Hamilton council places 14 amendments before voters in November: What they’ll decide

City Council on Wednesday voted to let Hamilton voters decide on 14 amendments to the city’s charter, a 34-page document that spells out how city government should operate.

In doing so, officials passed along all 14 suggestions that were offered by the volunteer citizen panel, the latest one that was created in an every-five-year process to examine things that could be tweaked in the city’s governing document.

Hamilton’s charter took effect Jan. 1, 1928.

Council made only one tweak to the 14 amendments. In one proposed change that would clarify that unclassified employees lack appeal rights when they are laid off, because those employees work for the city “at will,” Mayor Pat Moeller introduced a change that would let employees keep their ability to receive a letter explaining why they were laid off, suspended or terminated.
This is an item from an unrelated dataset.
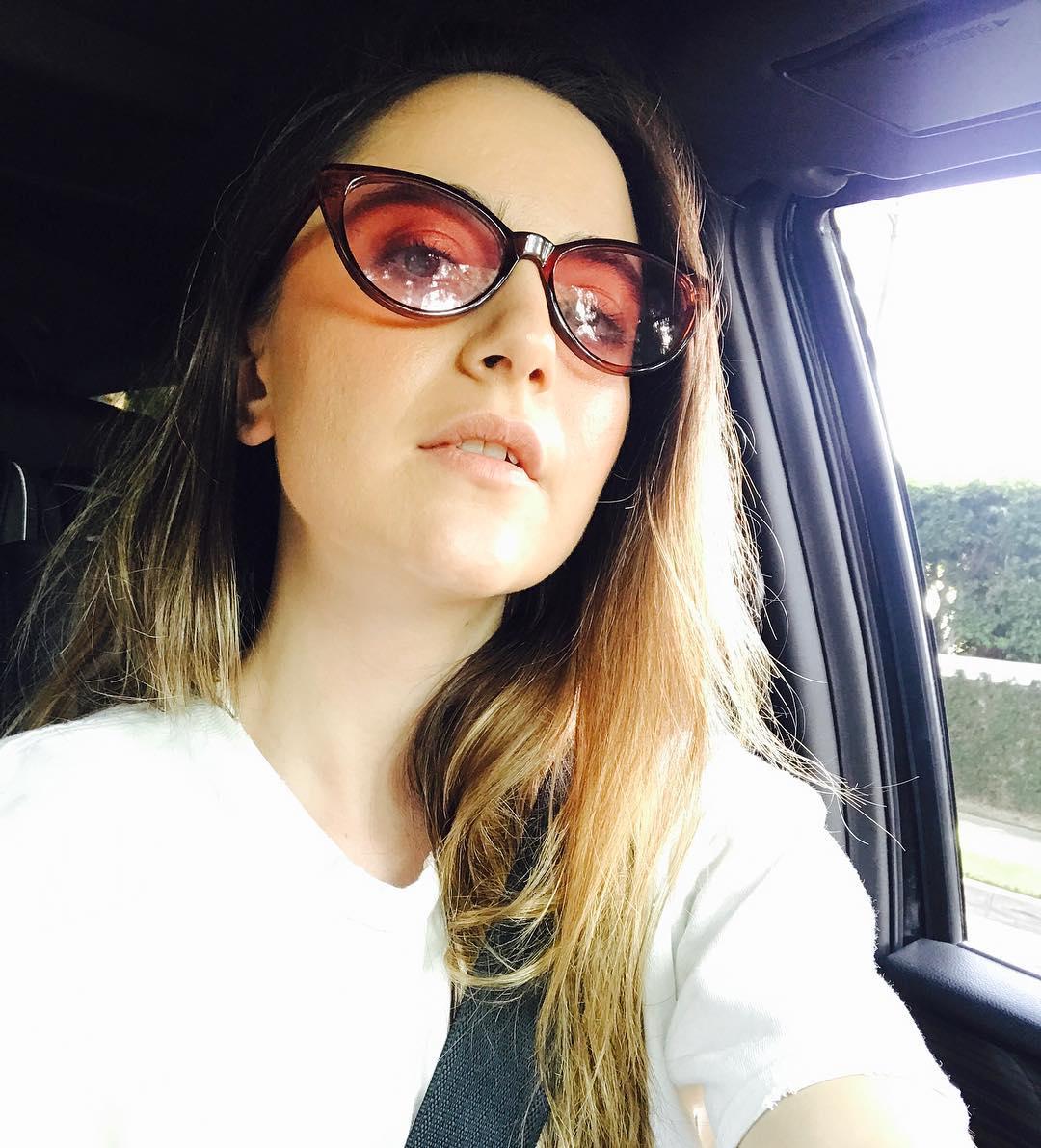 Alexa Nikolas taking a selfie in a car with sunglasses on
The proposed amendments are:

In a proposal opposed by the city’s firefighters’ union, a change that would give the fire chief more discretion in determining staffing than was allowed by voters in the early 1950s. The charter now allows the chief to divide the fire force into two platoons, where firefighters work 24 hours and are off at least 24 hours; or three platoons, where they work 24 hours and are off at least 48 straight hours. The proposed change would eliminate those hourly restrictions.

Giving the city manager power to decide how many employees are in each department. The commission found that, “this duty seemed more like an administrative duty of the city manager rather than a power of council.” The panel found that council already can establish departments by legislation, but administrators should tell council how many employees are needed. Also, council has approval over the annual budget.

Making it clear that council members, who are paid $300 a year, are employees of the city, so they can receive health insurance, which they already have been getting. Council’s pay rate would not change.

Making it explicitly clear what constitutes a conflict of interest for members of city council or city employees, and that those elected officials or staffers should abstain from votes when they affect financial interests of their immediate family. Immediate family “means spouse, child or stepchild, grandchild, parent, step-parent, grandparent, brother, sister, parents or step-parents of spouse and grandparents of spouse.” Also, council would be able to remove members of the council for the remainder of their terms if they find them to have engaged in disorderly conduct, including violation of state ethics laws. One form of “disorderly conduct” would be giving orders to a city staffer other than the city manager either publicly or privately. Positive votes by at least five on the seven-member council would be needed to remove a member of council from office.

A change forbidding the city to discriminate against employees based on sexual orientation or gender identity. It was proposed by the Hamilton Pride organization.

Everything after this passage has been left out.